Opdracht 5 Vakantieaanbod Je kent ze misschien wel, die dikke brochures van het reisbureau. Of dat geweldige aanbod van reizen op internet. Bekijk nauwkeurig het aanbod van een reisorganisatie (uit een brochure of van internet, dat maakt niet uit). Stel vast voor welke soort toerist (zoals door Nelleke Noordervliet onderscheiden) het aanbod het grootst is en voor welke soort toerist het aanbod het geringst is. Let op: reisorganisaties zijn slim. Veel reizen lijken zich op meer dan één soort toeristen te richten. Maar vaak is het wel duidelijk: een zonvakantie met één cultureel uitstapje is natuurlijk gewoon een zonvakantie. a b c
Maak een kort verslag van je bevindingen. Bekijk of de reisorganisatie die jij bekeek, voldoende aanbod voor jou heeft. Vergelijk jouw gegevens met die van een medeleerling die naar een andere reisorganisatie keek.

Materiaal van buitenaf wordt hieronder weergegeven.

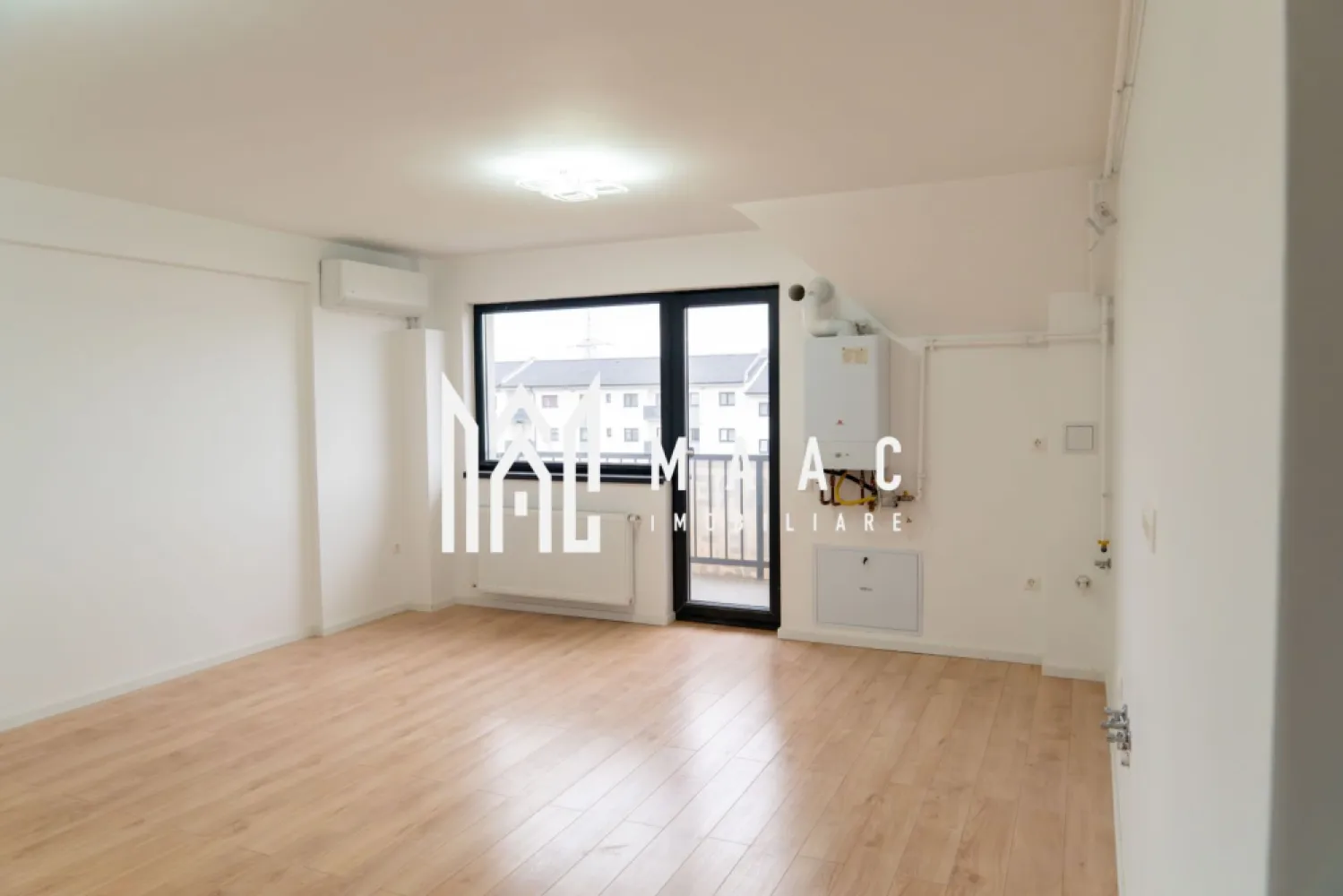 Apartament 3 Camere I 78 mp I 2 Niveluri I Etaj 3/3 I Parcare Inclusă - Apartament modern, tip duplex, situat la etajul 3/3 al unui imobil nou, finalizat în anul 2024, localizat într-o zonă liniștită și accesibilă, aproape de puncte de interes precum: centre comerciale, Kaufland, instituții de învățământ și stații pentru transport în comun.

Suprafață utilă: 78 mp
Loc de parcare: inclus în preț
Compartimentare practică pe două niveluri:

Nivel 1:
Living open space cu bucătărie
Dormitor
Baie complet utilată
Balcon

Nivel 2:
Dormitor matrimonial
Hol generos
A doua baie, complet mobilată și utilată
Dotări și finisaje:
Se predă la stadiu de cheie – finisaje moderne și de calitate
Aer condiționat montat pe ambele niveluri
Băi complet mobilate și echipate
Clădire nouă, construită în 2024
Loc de parcare inclus, ideal pentru confort și siguranță
Proprietatea este ideală pentru locuit sau ca investiție, datorită zonei și compartimentării eficiente.

Pentru detalii suplimentare, consultanță sau programarea unei vizionări, te rugăm să ne contactezi si sa specifici CP2743450.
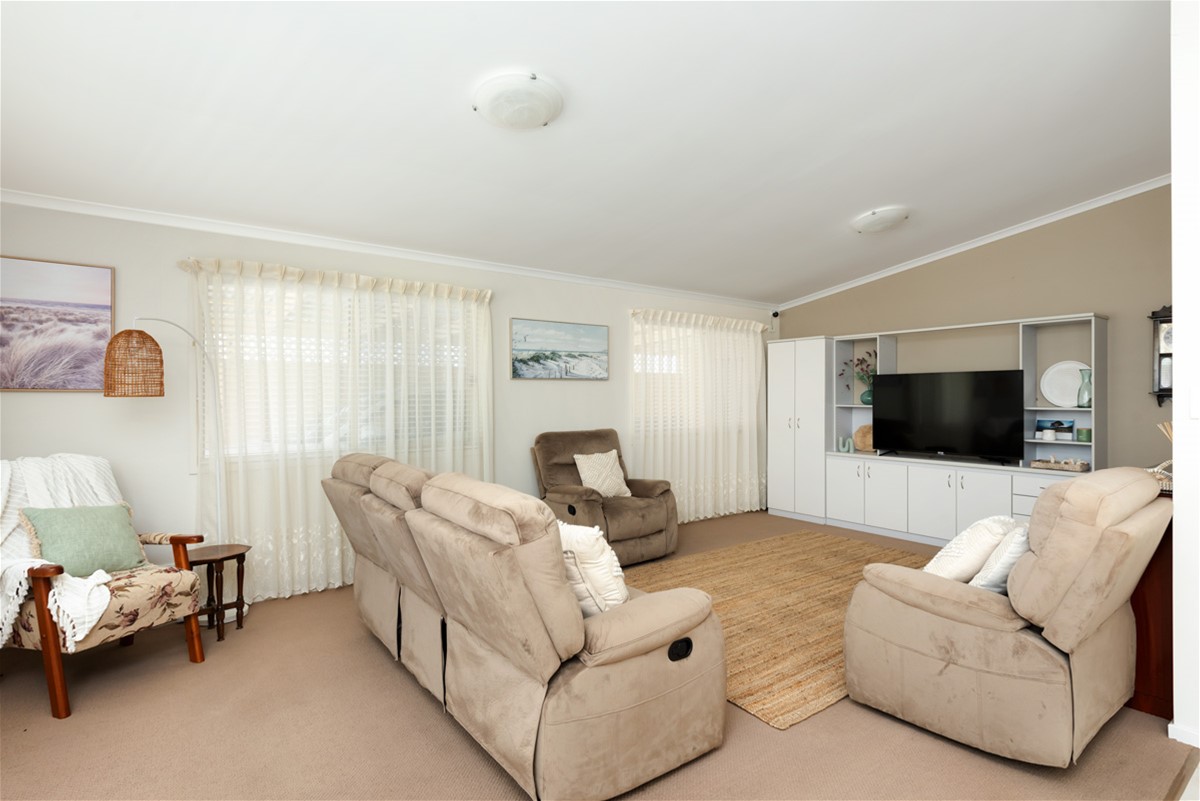 Large 2-bedroom Seaside Home! = 4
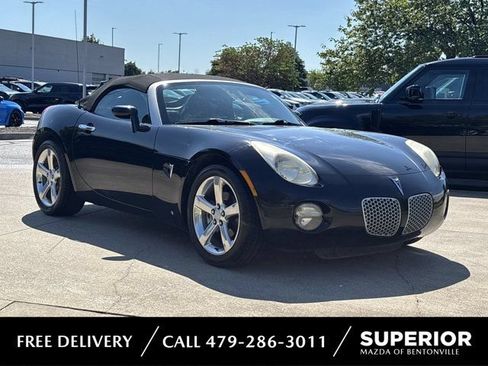 Used 2006 Pontiac Solstice Convertible w/ Premium Package RWD image 1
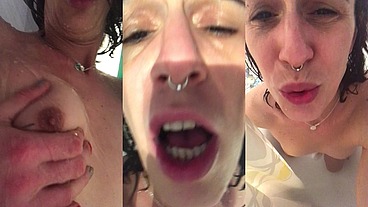 Je t’embarque Sensuelement sous ma douche pour que tu me prennes Une ...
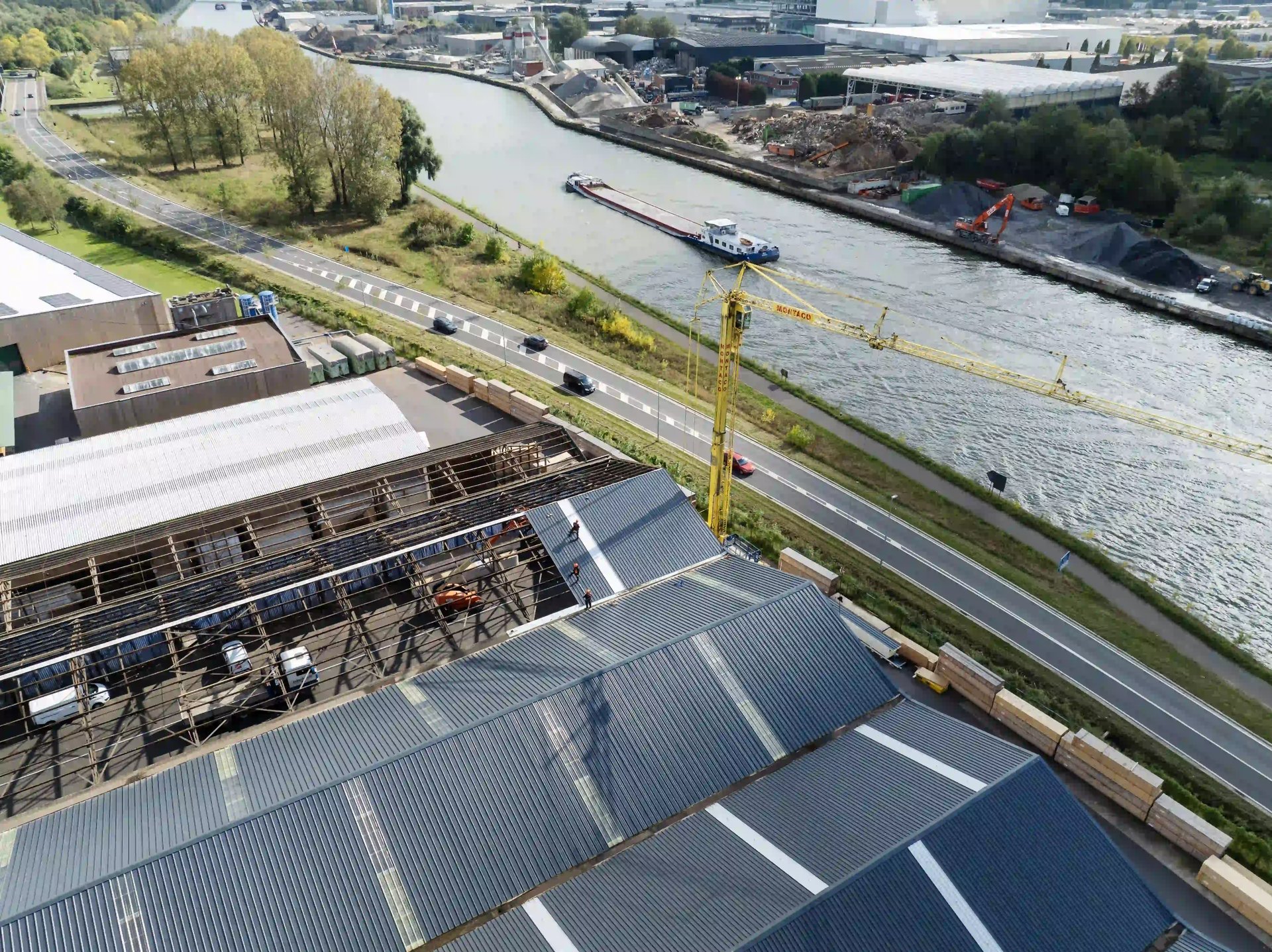 Interloods-renovatie-industriële-gebouwen-dak-Martens-Hout-Schoten_9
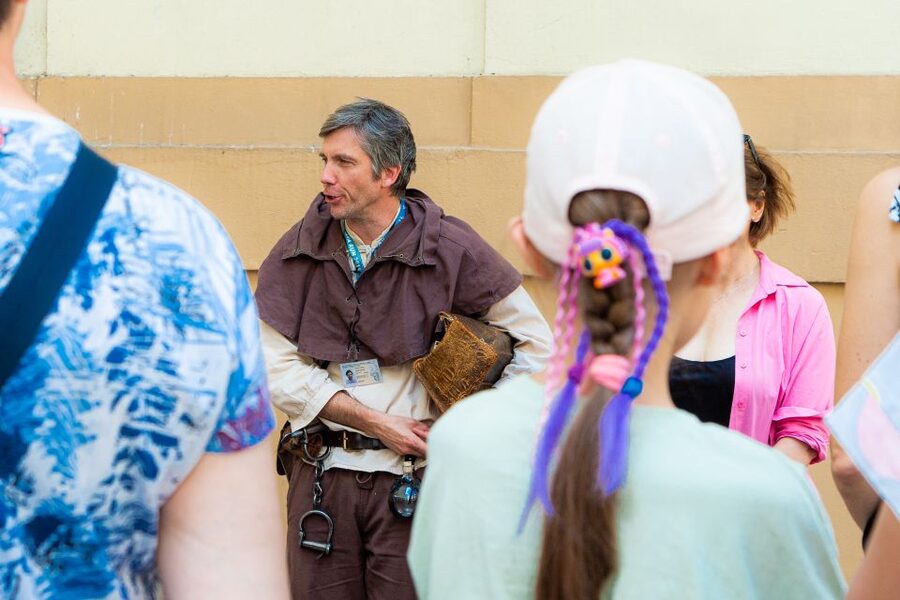 Prague: Plague Doctor Old Town History Walking Tour - Key takeaways before you meet the Plague Doctor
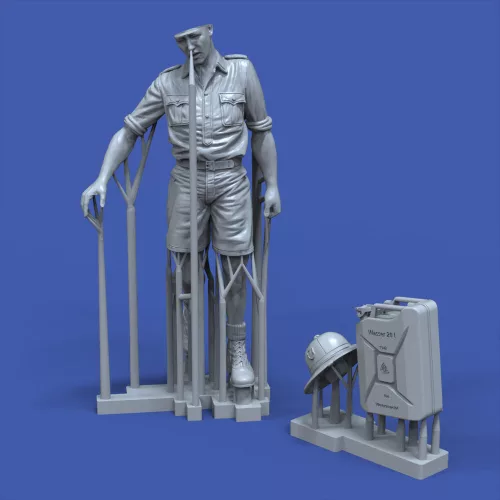 Royal Model German DAK soldier holding jerrycan 3D printed – figura makett
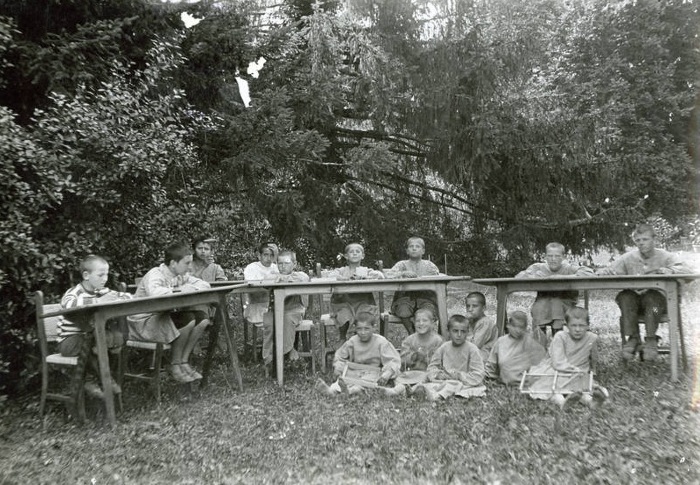 Vita in manicomio (Aspi, Fondo Ferrari)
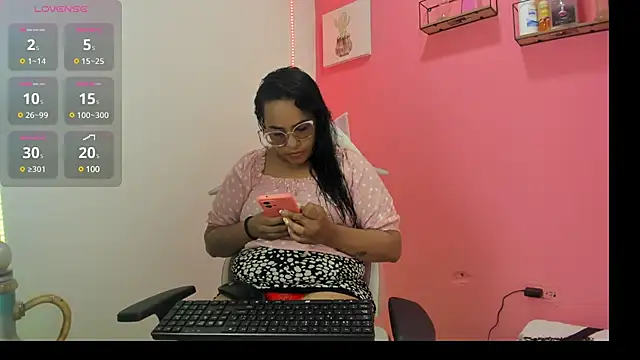 Snapshot of Tita_dirty chatting on February 2025 02:15:01 AM Tita dirty online show from February 2025 02:15:01 AM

Opdracht 6 Droomvakanties Waarschijnlijk ga je zelf ook graag op reis. a Beschrijf kort (in maximaal 180 woorden) welke reis je binnenkort graag zou maken. Zet in je verslag naar welke bestemming je wilt, wat het doel van die reis is en waarom je deze keuze hebt gemaakt. Misschien kun je ook aangeven tot welke soort reiziger je dan behoort. b Beschrijf (in maximaal 250 woorden) welke reis je later (als je bijvoorbeeld meer tijd en meer geld zou hebben) graag zou willen maken. Omschrijf ook nu nauwkeurig het doel van je reis en de reden waarom je deze reis graag zou maken. Geef ook aan tot welke soort reiziger je dan behoort.